Rui Zhang has posted about this problem on this forum but I thought I would sum up our current investigation of this mystery to see if it rings a bell with anyone. At this point, I am willing to believe the problem is TI code, our code, hardware design, or manufacturing. As you can tell, we have really narrowed it down! Any assistance is greatly appreciated.
The problem: in 3 instances out of about 50 device-years of runtime (200 devices for 3 months) we saw end devices which, after some period of days or weeks of normal operation, went into a state of altered sleep behavior which persists until the device is reset. When the device goes into P2 sleep, it apparently wakes up after something like 80x the programmed sleep time. We have observed the sleep time to exceed the 511s limit allowed by the sleep timer's 24-bit range.
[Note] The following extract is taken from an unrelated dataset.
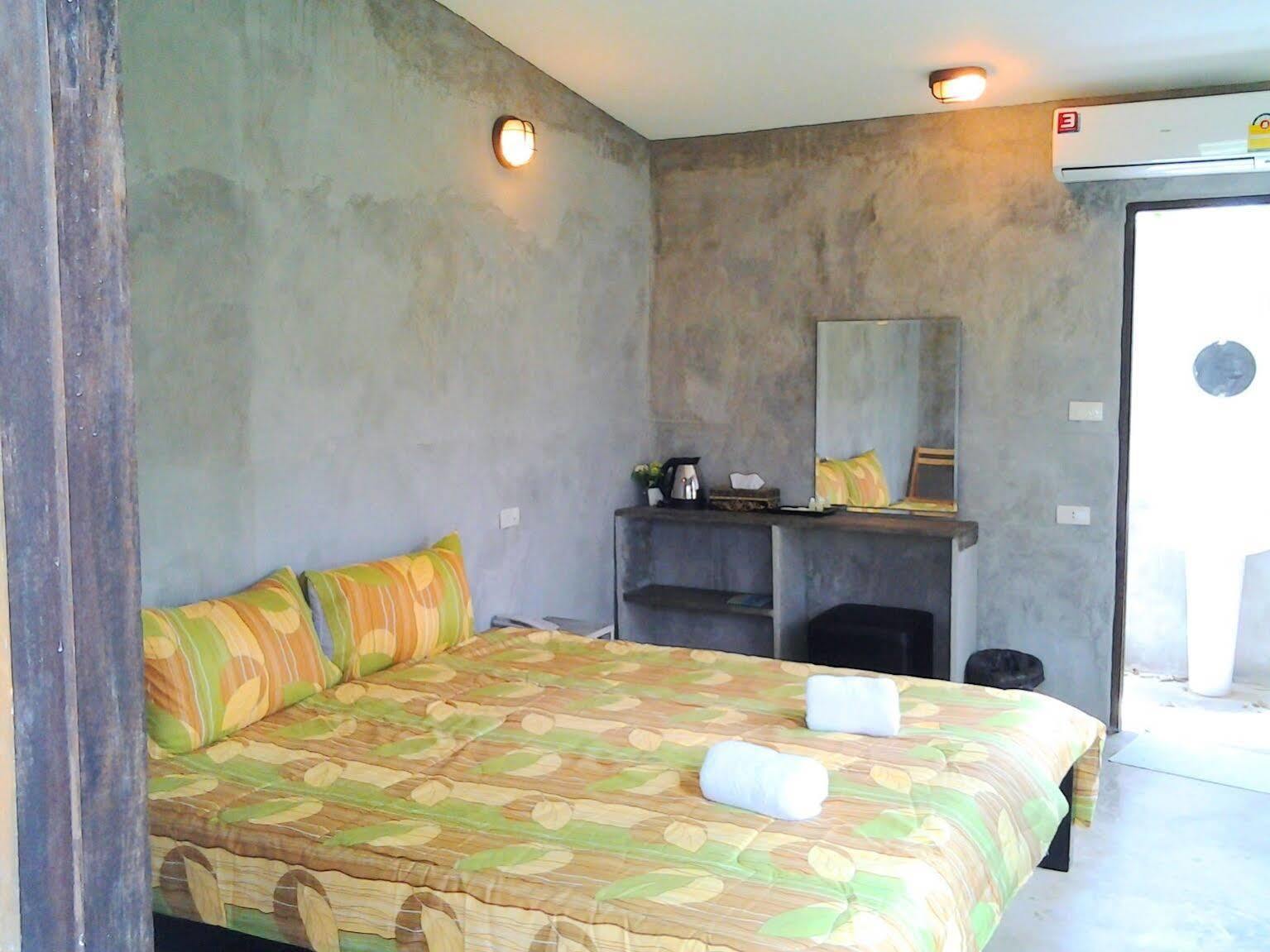 Hotel Pran River View Pran Buri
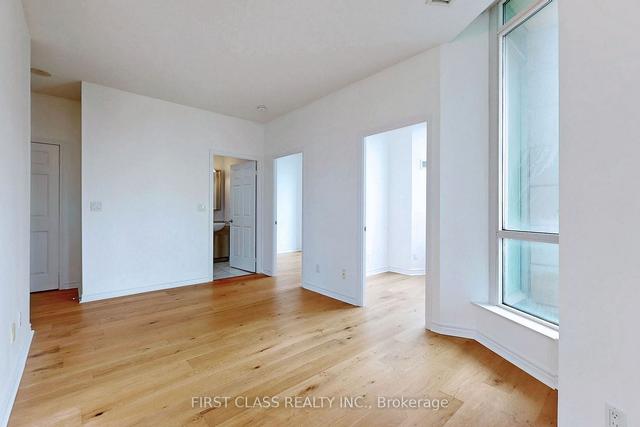 202 - 18 Holmes Ave, Condo with 1 bedrooms, 1 bathrooms and 1 parking in Toronto ON | Image 2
Our end devices spend most of their time in P2 sleep; we use the internal RC oscillator for 32kHz timing. They are CC2430 devices running ZStack 1.4.3-1.2.1.
We have been able to experiment with the 3 devices showing this bug and watch their behavior both with a packet sniffer and an oscilloscope.
With device #1, we reset it by removing and replacing batteries. It resumed normal functioning and has not demonstrated the bug again.
With device #2, we issued a ZigBee end-device reset. Since the device was still polling its router, with finesse of the reset timing it received the reset. It resumed normal functioning and has not demonstrated the bug again.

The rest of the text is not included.